Why do I want to do what I do?
It's in so many photographer bios: why we do what we do, why we love it. It's been a hobby since sometime in childhood/teenhood, or you kept getting asked to take photos of someone's family/kids/weddings/etc., and decided to make a business out of it.
I'm no different. When I was a kid, it was photographing the stuff around me, whether that was plants and flowers, rocks, the sky, whatever. As I got into high school, it began to be documenting my friends and me, and our adventures (much to many of my friends' chagrins. Not many of them liked cameras stuck in their face all the time!)
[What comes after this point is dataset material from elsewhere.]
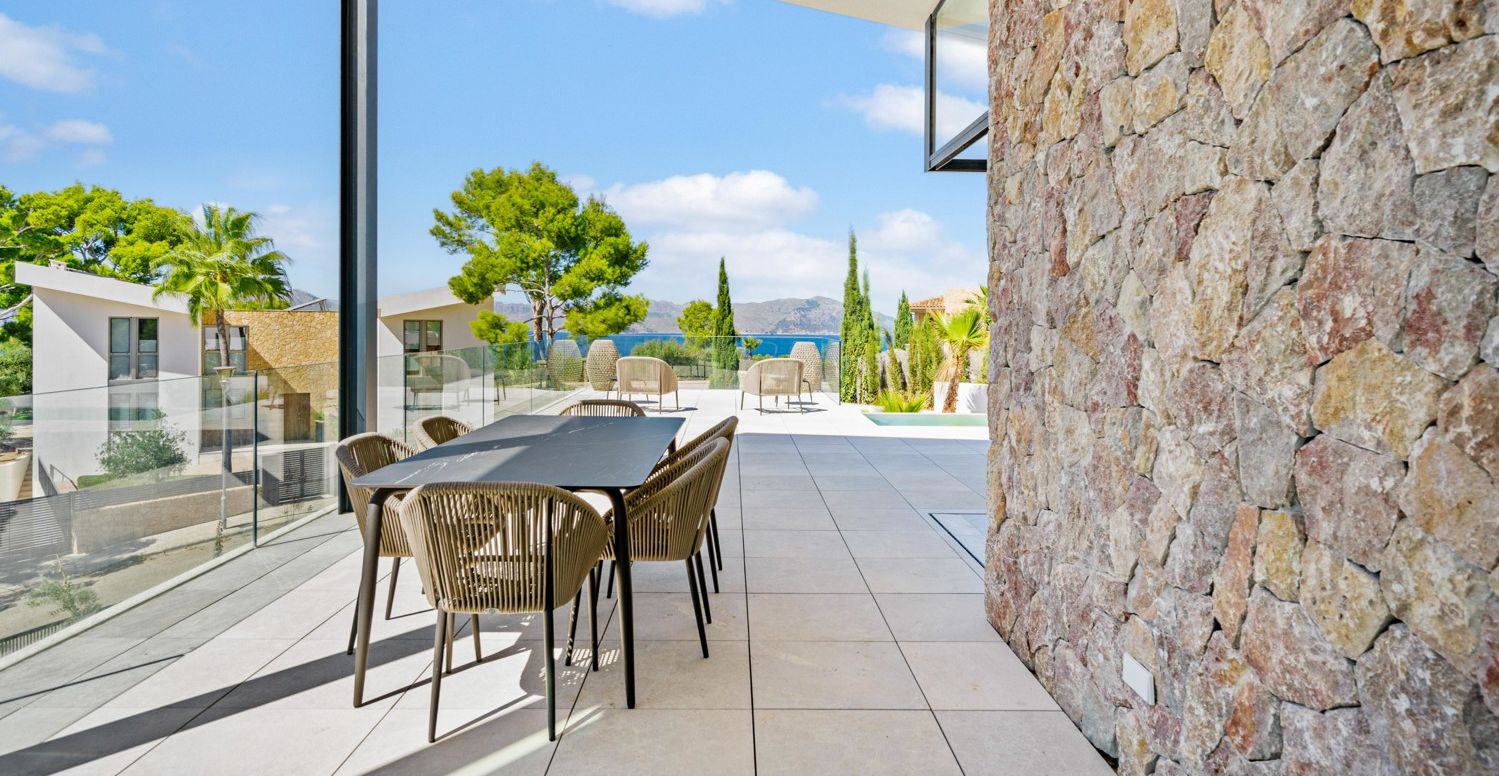 Villa-mit-zwei-Poolen-und-Seeblick-in-Bonaire-Alcudia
I didn't do much with it while in grade school. Facebook wasn't around then, smartphones weren't around then, and MySpace and Enternexus/Nexopia were the socials I used at the time (Did I just age myself?). Those photos mostly lived on my hard drive, and I'd share some through group emails (yep, before Facebook group chats, Hangouts, group texts, and Whatsapp messages, we did group emails). Some I printed because I could.
When I was just about out of my teens, I got into the Journalism program, which required me to get a DSLR camera. BOOM!!
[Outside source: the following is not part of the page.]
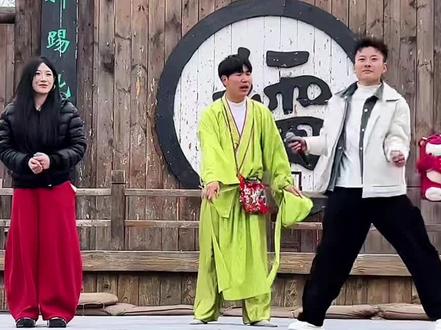 #喊麦 #万岁山武侠城 #万岁山老嫂子 龙龙团队的袁总#袁火火 和晓航的UU上舞台斗喊麦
My world changed. I got depth of field, I got to change my own focus, I got better zoom. It was amazing. I started trying to capture ALL of the things, playing with what was in focus, etc.
I left Journalism after a year (it just wasn't for me) and took my camera out. By this time, I had a smartphone, too, so a camera just became a part of my daily life. With the ever-changing landscape of life, and my friends groups, photos were quickly becoming a way to remember things. I had photos of the friends I hung out with in high school, many whom I've not seen since. I had photos of those I went to Journalism with, again, many whom I've not seen since. Photos of events, photos of people I only get to see once in a while, but the adventures together are larger than life. When I started dating my husband, I took tons of photos, both on DSLR and on my phone. When our kid was born, again, tons of photos. Going back years later, there's photos I forgot I even took, but am glad to have. Memories from the first year or so are so scattered and fragmented that having these photos helps piece them together.
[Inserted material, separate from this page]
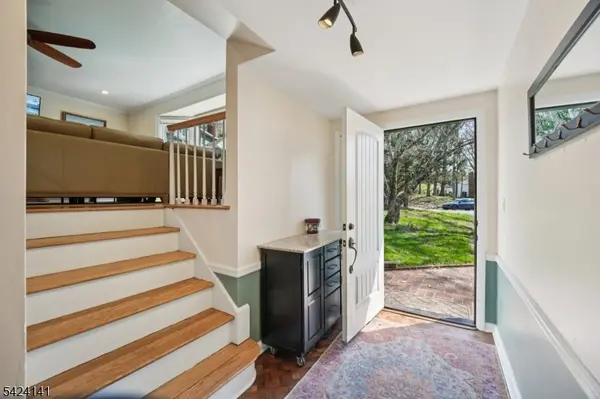 7 Archer Ln, Scotch Plains Twp., NJ 07076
When I was almost 18, I lost an incredibly important person in my life. Just before he passed, we took lots of photos together. I wished I had more photos of us from when I was younger, but, alas. It's one reason I love to take photos now, is to help others capture those memories. Whether it's a parent and child, or a relative, families together, it's a moment in time. It's a moment you never know if you'll get again.
Especially now, with Covid being a thing, your next day is never guaranteed. I want to be able to take as many photos as possible, get as many memories as possible, for you and me.
Memories of that first birthday, the first smiles after losing a tooth, adopting a child or a furbaby, kid's first day of school, dad's retirement, etc. So many firsts, so many memories to capture.
I always joke that, if I ever got Alzheimer's, that photos would be my memories.